_TASK PROMPT_
Copy out the data below from the line containing "Painéis quadrados New" to the line containing "Collier femme - Argent", both lines included, with all images left out.

#### DATA TO PROCESS ####

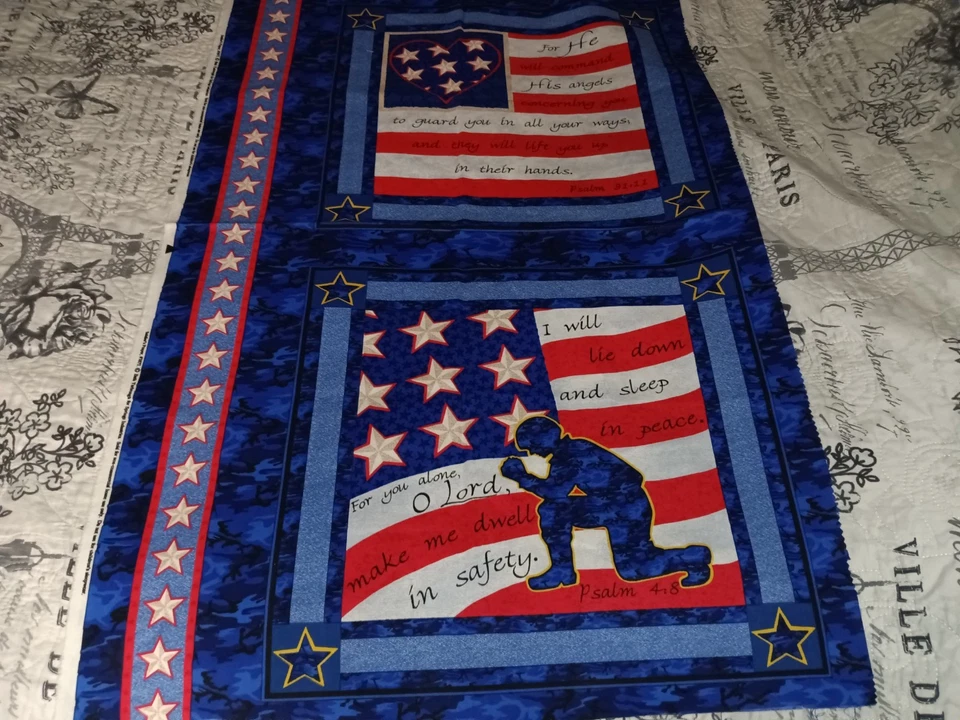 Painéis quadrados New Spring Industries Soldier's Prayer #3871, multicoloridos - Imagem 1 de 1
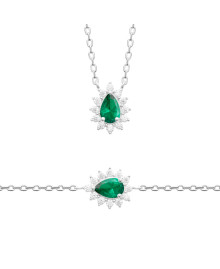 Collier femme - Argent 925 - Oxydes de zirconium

####
#### DATA TO PROCESS ####

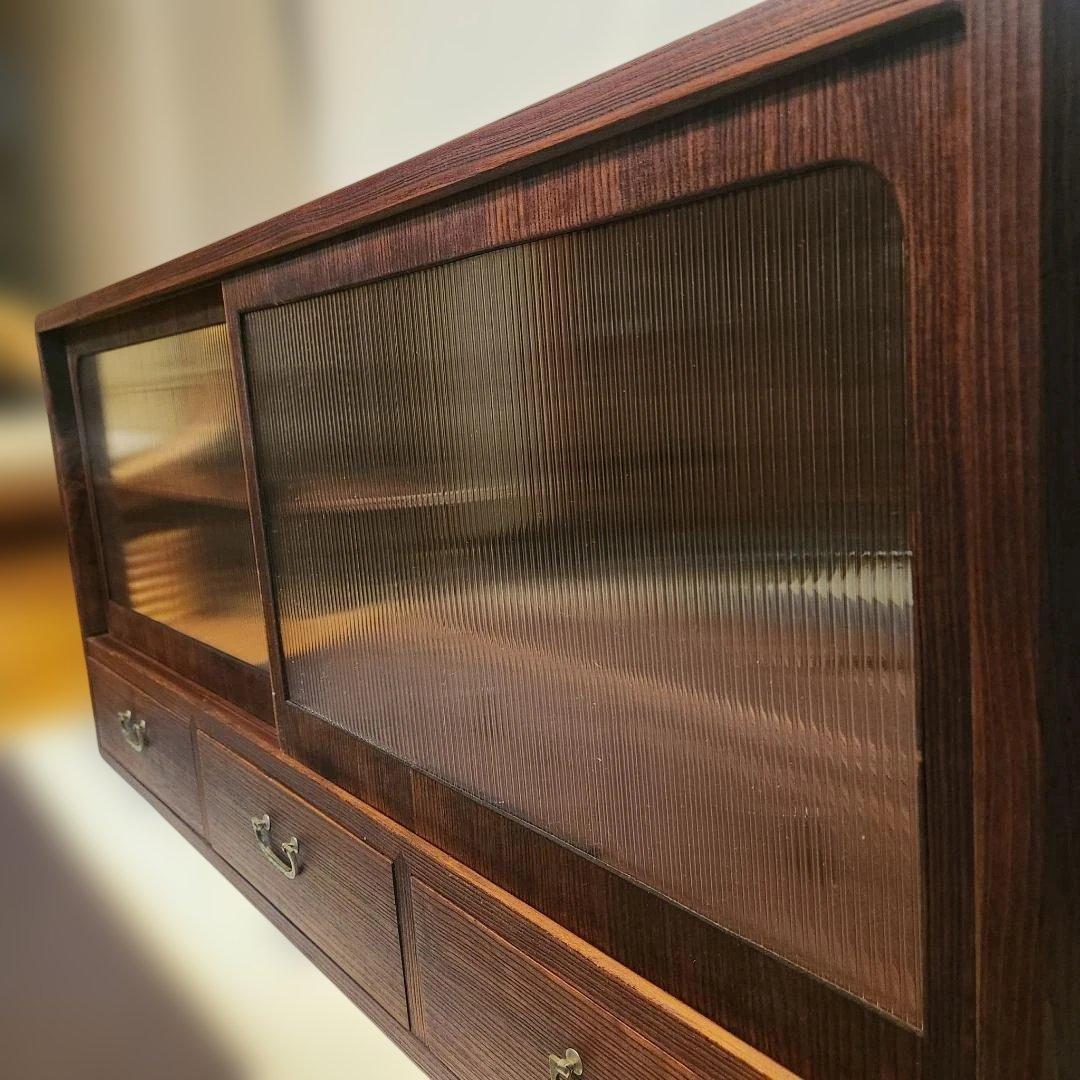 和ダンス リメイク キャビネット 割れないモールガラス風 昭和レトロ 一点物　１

####
#### DATA TO PROCESS ####

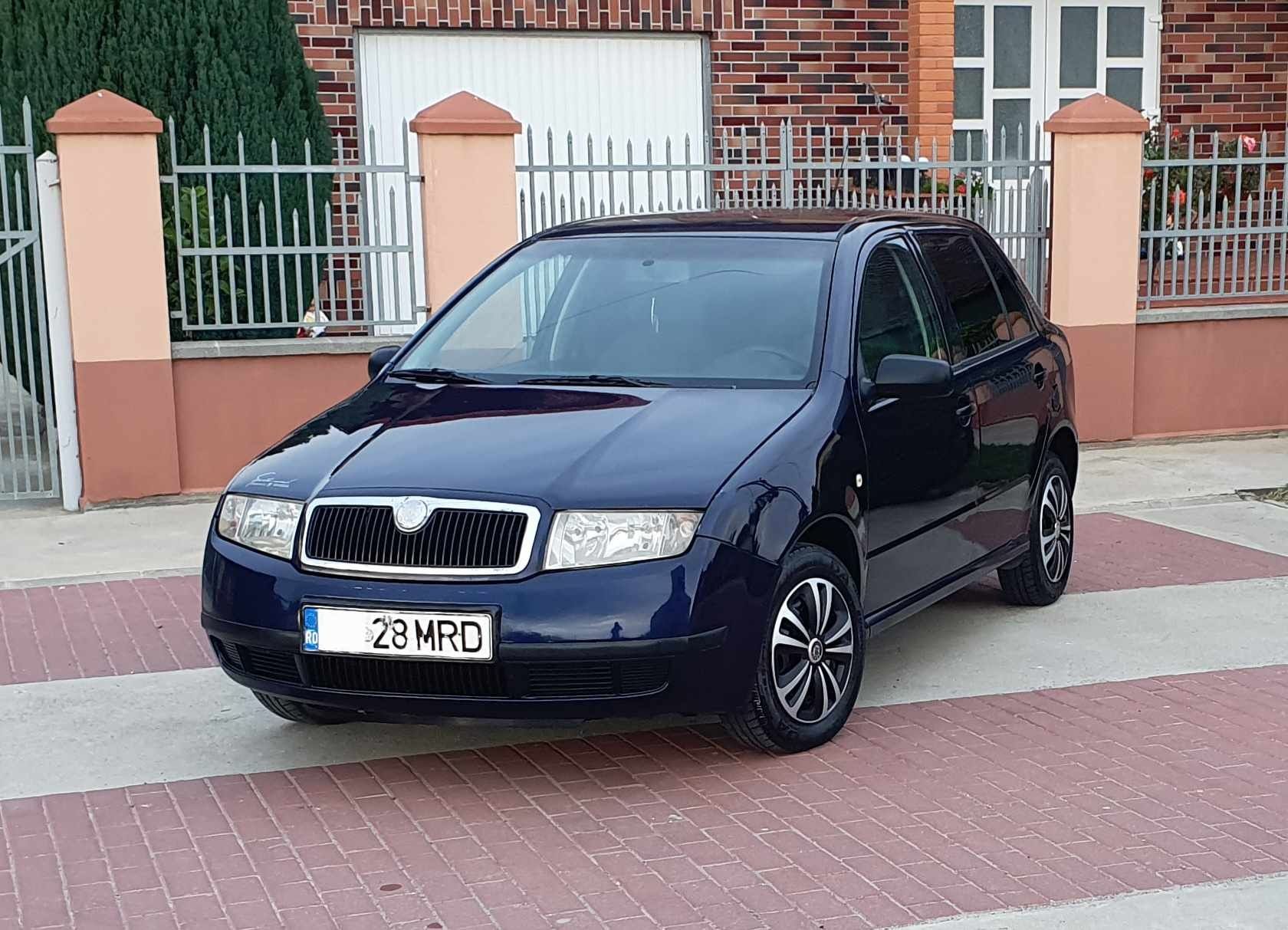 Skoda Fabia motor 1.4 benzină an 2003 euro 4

####

_TASK SOLUTION_
 Painéis quadrados New Spring Industries Soldier's Prayer #3871, multicoloridos - Imagem 1 de 1
 Collier femme - Argent 925 - Oxydes de zirconium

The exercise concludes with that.